In a packed ballroom in the bowels of the Telus Convention Centre, would-be cannabis entrepreneurs rubbed shoulders with well-experienced cannabis experts as the inaugural CannabisCon educational conference got underway Friday.
“Conferences like this are just such a leading indicator of the economic activity that’s going to be happening within a marketplace,” said Cassandra Farrington, co-founder and CEO of the online news site Marijuana Business Daily.
“There are really interested, fully-respectable and fully-experienced business people here walking the floor and attending the sessions today to learn more about how they’re going to engage with this market.”
A mix of vendors filled the show floor. Some, like Airdrie-based Sundial Growers and Ontario-based Tweed, featured large, bright, lifestyle-focused exhibits. Other companies focused on cannabis-adjacent products and accessories.
Also on offer, the chance to buy into a national chain of cannabis retail outlets.
Calgary-based Spiritleaf offers entrepreneurs a franchise system they can buy into.
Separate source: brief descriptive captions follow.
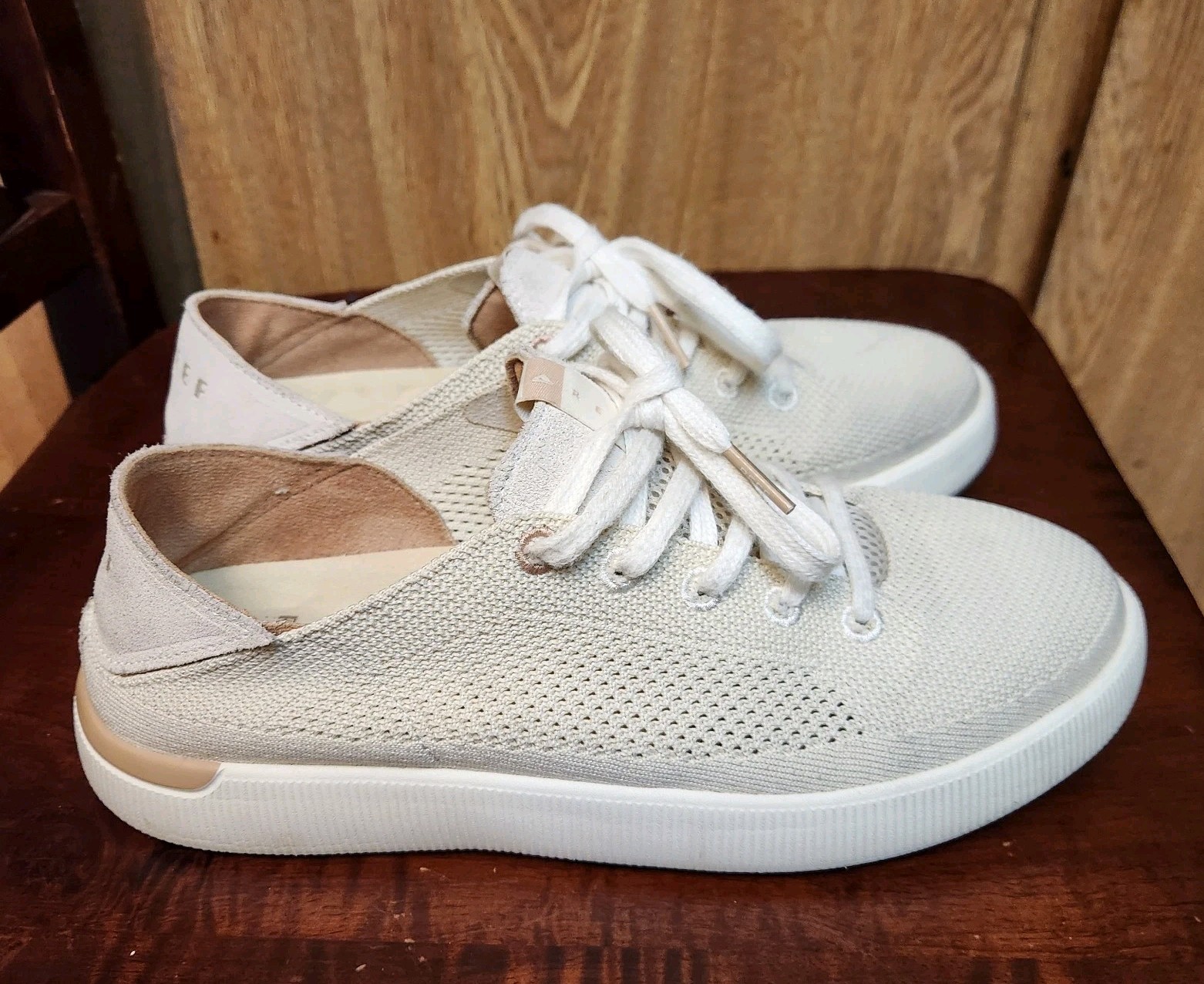 Reef Swellsole Nepture Breathable Mesh Sneakers Womens Size 10 Beige and White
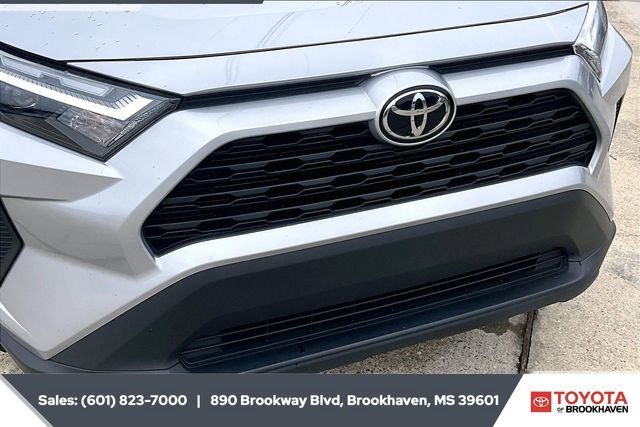 Used 2024 Toyota RAV4 XLE image 21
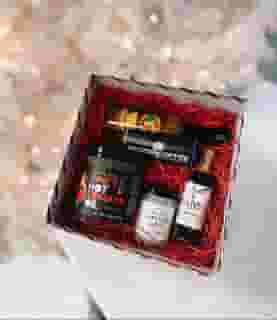 Gift Giving Epicuse Food Market & Bistro in Syracuse, NY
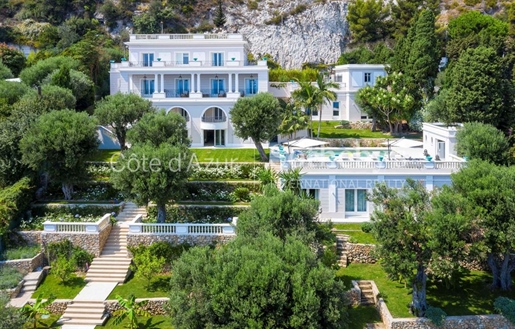 Prestigious 'Belle-Époque' property with sea views near Monaco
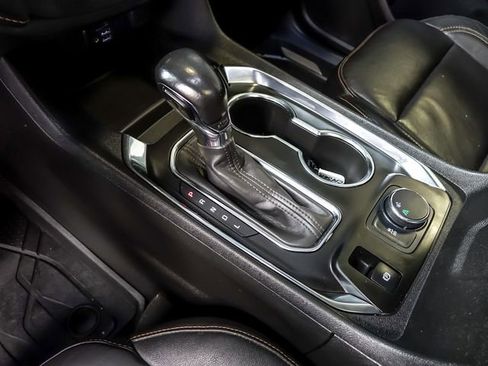 Certified 2021 Chevrolet Traverse LT w/ LT Premium Package image 30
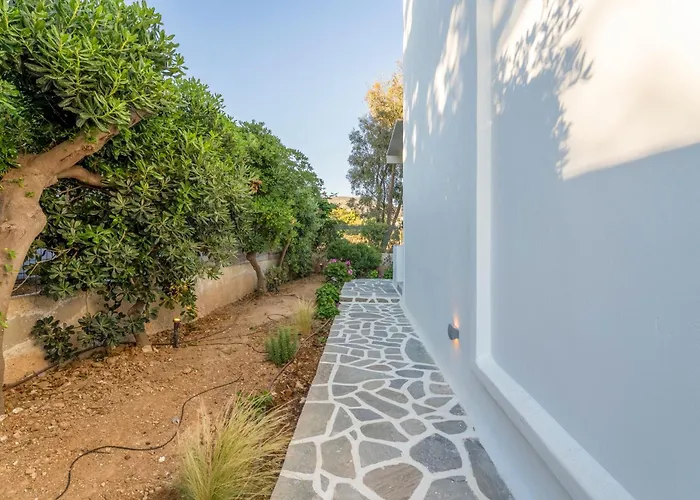 Lavender Minimal Appartement Alikí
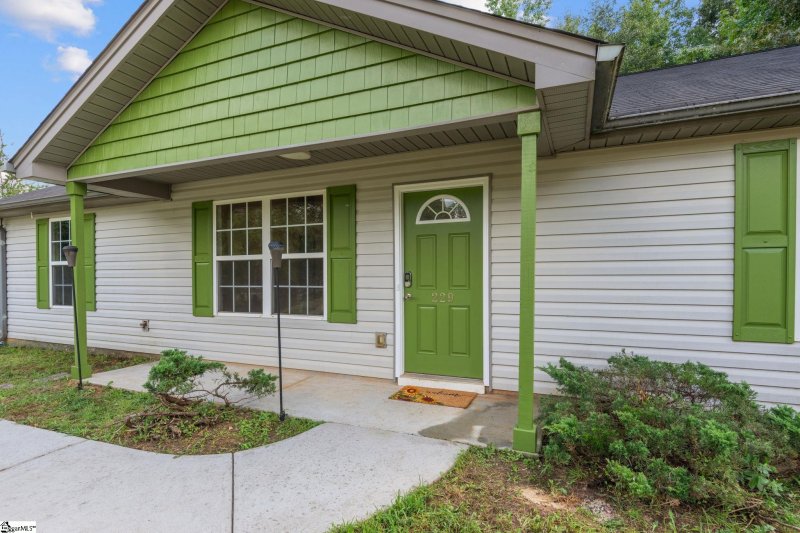 Property image 4 of 229 Lions Park Road in Forks of Beaverdam, Marietta, SC 29661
The chain’s mission is to create a network of stores which will appeal to a wide range of consumers.
“We thought it’d be a great opportunity for a bunch of independent entrepreneurs to collaborate and work together to build this iconic Canadian brand,” said president and CEO Darren Bodnar.
Bodnar said he has nearly sold out of stores in the Alberta market with more than 100 people buying into the concept. Those looking to get in the retail game include aspiring entrepreneurs, professionals, seniors, and those looking to get out of the oil and gas sector.
As entrepreneurs searched the convention floor for advice and information entry-points into the cannabis game, some of the industry’s biggest players also converged to talk about what life will look like after legalization.
“We are not inventing cannabis use here,” said Cam Battley, chief corporate officer for major player Aurora Cannabis. “We are replacing a vast and extremely sophisticated black market in cannabis with a legal, regulated and safer one.”
“All the things we can be allowed to do in the legal cannabis sector to compete effectively with the black market, that supports the public policy objective of reducing the illegal market and reducing youth access.”